Performers Aamari Taylor and Kayla Reed perform a poem about mental health in the black community.

On Feb. 13, Umoja held their first-ever “For the Culture” Creative Show where black students from DGS showcased a wide variety of talents including singing, dancing and acting. Umoja students hope that the show will foster a larger conversation about race, both in how it’s represented in class and how it’s dealt with in the future.

According to Umoja sponsor and in-school intervention supervisor Kenny White, the idea for the show began as a poetry slam but quickly turned into an all-encompassing creative show. He believes that it was truly the students’ show that represented their talents and ideas.

“I think this platform awakens the diligence and creativity of all the students. They got to express how they view the black community and how the black community views each other. The show has brought us closer, challenged communication and collaboration skills and put ideas to work,” White said.

One of those student-performers is junior Aamari Taylor who performed two of her own poems. Taylor shared where she got her inspiration for her first poem which centers around growing up black in the suburbs.

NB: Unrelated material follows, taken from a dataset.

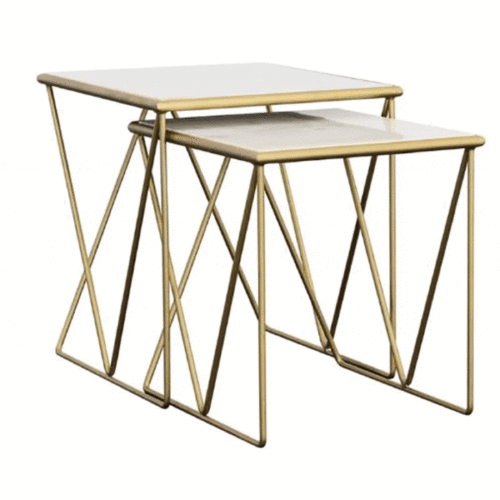 BETTE 2 PC MARBLE TOP NESTING TABLE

“You don’t know where to go with the lack of color and if you’re in AP classes you don’t see as much color as you would in different classes. So that representation in school for people of color is very important to us growing as individuals. My inspiration was the need to see people who look like me doing important things to know what’s possible,” Taylor said.

For Taylor, participating in this show was something important to her. Even though her schedule was filled with her regular course load as well as the Black History Month play, Taylor felt that this showcase gave her an opportunity to better the DGS community.

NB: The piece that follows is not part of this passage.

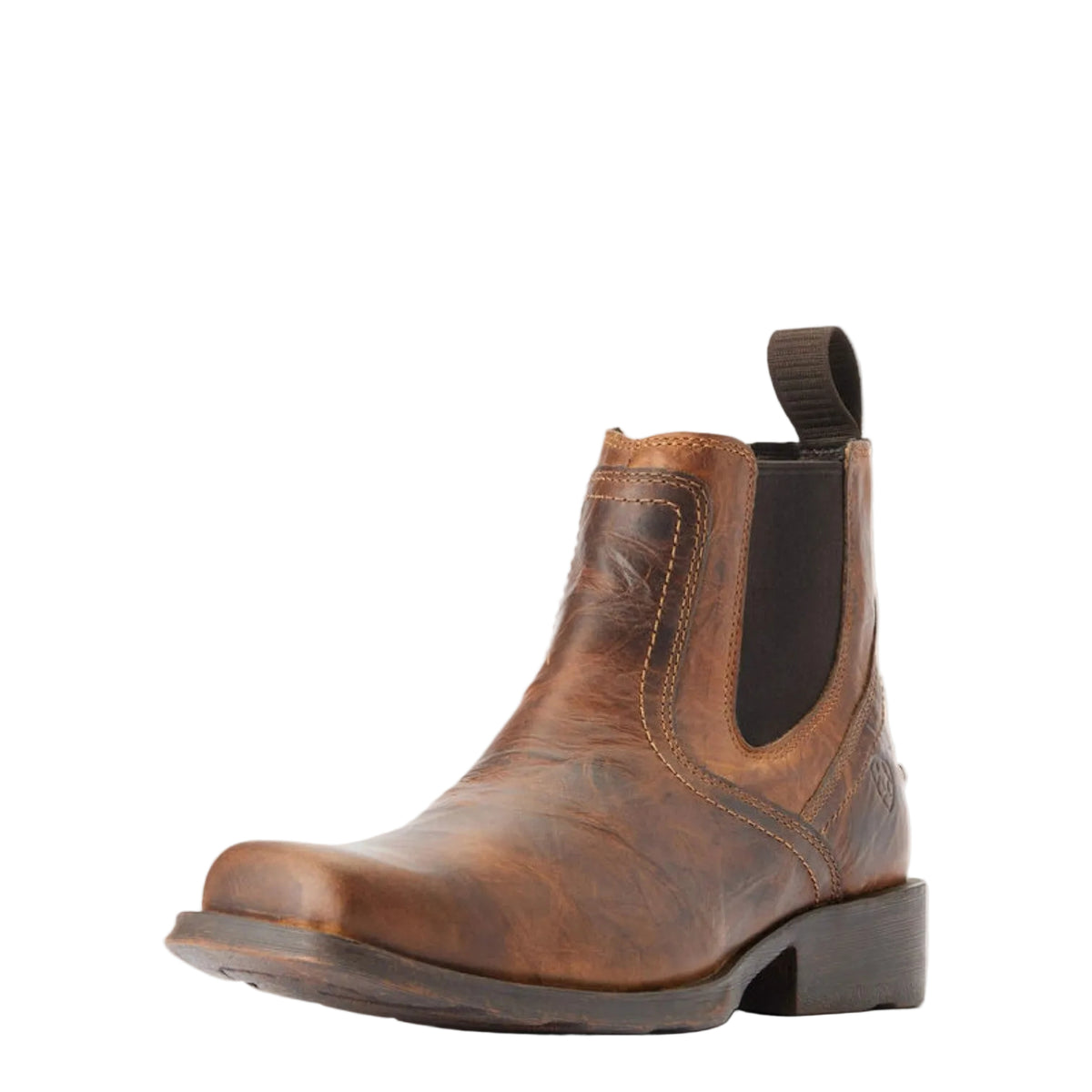 Brown leather boot with a black sole on a white background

“I’ve been performing on stage since eighth grade and when I’m up there I feel like I’m making my future happen. I say that if you’re not doing something that scares you in a positive direction then you’re doing something wrong. So when I’m performing I feel like I belong and I have to push a message out there, change how people view things or make people think,” Taylor said.

White shared in Taylor’s belief that the show was bigger than just a school production, but something that could spark a conversation. This conversation is one that White felt was needed and was executed by the students.

“They didn’t want to be handed an itinerary or script by staff but be all hands in for the making of what is said about black culture. Umoja students also wanted to take a stance by shedding light on challenging issues such as microaggression, micro assaults and discrimination that still plagues the black race today,” White said.

Overall, the students of Umoja hope that all their efforts were able to push the conversation forward. Senior and president of Umoja Stella Emezue believes that the show will be able to do just that.

“[The show’s message] was to promote and appreciate the culture and to bring to awareness the struggle faced in the past and present. I feel like it will open the eyes of many to understand the struggle the black community has faced and still continues to face and overall make many people more appreciative of African American culture,” Emezue said.